イベントレポート
【詳報】ARM、VRやAIも見据えた新世代CPU Cortex-A75とGPU Mali-G72
~Cortex-A75は3GHz駆動で、前世代に比べ50%性能向上
2017年5月29日 17:18
ソフトバンク傘下でイギリスの半導体設計メーカーとなるARMは、台北で開催されるCOMPUTEX TAIPEI 2017開幕前日となる5月29日(現地時間)に記者会見を行ない、新CPUとなるCortex-A75とCortex-A55、および新GPUとなるMali-G72を発表した。
Cortex-A75/3GHzはCortex-A73/2.4GHzに比べて50%性能向上
ARM副社長兼コンピュート製品事業本部事業本部長のナンダン・ナヤンパリー氏は「ARMはサーバーからIoTまで非常に効率の良いソリューションを提供している。その結果として、これまでに1,000億個のARMアーキテクチャに基づいた半導体が出荷されたと今年発表させてもらった。我々の予測では、2021年までにもう1,000億個のARMに基づいた製品が出荷される見通しだ」と述べ、ARM製品の順調な業績を紹介した。

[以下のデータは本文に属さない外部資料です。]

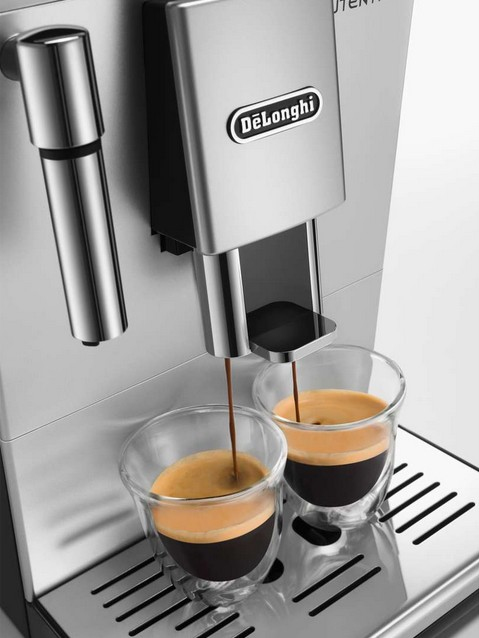 De’Longhi Autentica ETAM29.510.SB Fully-auto Espresso machine – image 6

その上で「コンピューティングモデルは今後も大きく変わっていく。AI、機能安全と自動化、MR、インテリジェントサーバーなどが新しいユースケースとして登場しており、今後はそこに対応した製品を提供していくことが重要だ」と述べ、新しいCortex-A75、Cortex-A55という2つのCPUを発表した。
@@|em|r|【お詫びと訂正】初出時に出荷数を1兆個としておりましたが、1,000億個の誤りです。お詫びして訂正させていただきます。@@
Cortex-A75は、昨年(2016年)ARMが発表したCortex-A73の後継となるCPU。同じクロック周波数で比較した場合、20%性能が向上しており、2.4GHzのCortex-A73と3GHzのCortex-A75を比較した場合には50%の性能向上が実現できるとARMでは説明している。
ARMが3月に発表したDynamIQにも対応しており、ナヤンパリー氏は「AI、ハイパフォーマンスコンピューティング、機能安全などの観点でCortex-A75は優れている」と述べ、性能だけで無くAIや機能安全による自動車への適用などの特徴があるとアピールした。
Cortex-A55は、big.LITTLE時の省電力側のCPUとなるCortex-A53の後継となる製品。省電力向けの製品となり、28nmのCortex-A53と16nmのCortex-A55を比較すると電力効率で2.5倍とのこと。big.LITTLE時のリトル側のプロセッサだけでなく、IOTゲートウェイなどにも使えると、ナヤンパリー氏は説明した。
ナヤンパリー氏によれば、A75 4コア+A55 4コアというハイエンド構成から、A75 1コア+A55 7コアという構成、さらにはA55 4コアといったエントリーレベルの構成までさまざまな構成が可能なことが、DynamIQに対応しているメリットであり、加えて、GPUやアクセラレータなどを組み合わせることでヘテロジニアスなプロセッサを構成して、IAやMRに最適なSoCを設計できるとアピールした。
機械学習、VR、モバイルゲーミングに最適化されたMali-G72
引き続き登壇したARM副社長兼メディアプロセッシング事業本部本部長兼フェローのジェム・デビース氏は、ARMの新GPUであるMali-G72を発表した。
デビース氏は「市場のトレンドとして、機械学習、VR、モバイルゲーミングへの対応が必要とされている」と説明。そして、ARMのGPUであるMaliが、モバイルVRとスマートフォン向けの市場でシェア50%をおさえており、すでに10億個のMaliが市場に出荷されているとした。
Mali-G72は、昨年発表されたMaliーG71の後継となる。Mali-G72は機械学習、VR、そしてモバイルゲーミングにフォーカスしたGPU。今年のモデルの製品に搭載されているGPUと比較して性能は1.4倍になり、電力効率は25%改善されている。また、機械学習の性能も17%改善されおり、さらにメモリ帯域幅を効率よく利用する仕組みが入っており、従来世代に比べて68%ほど帯域幅を節約して利用できるという。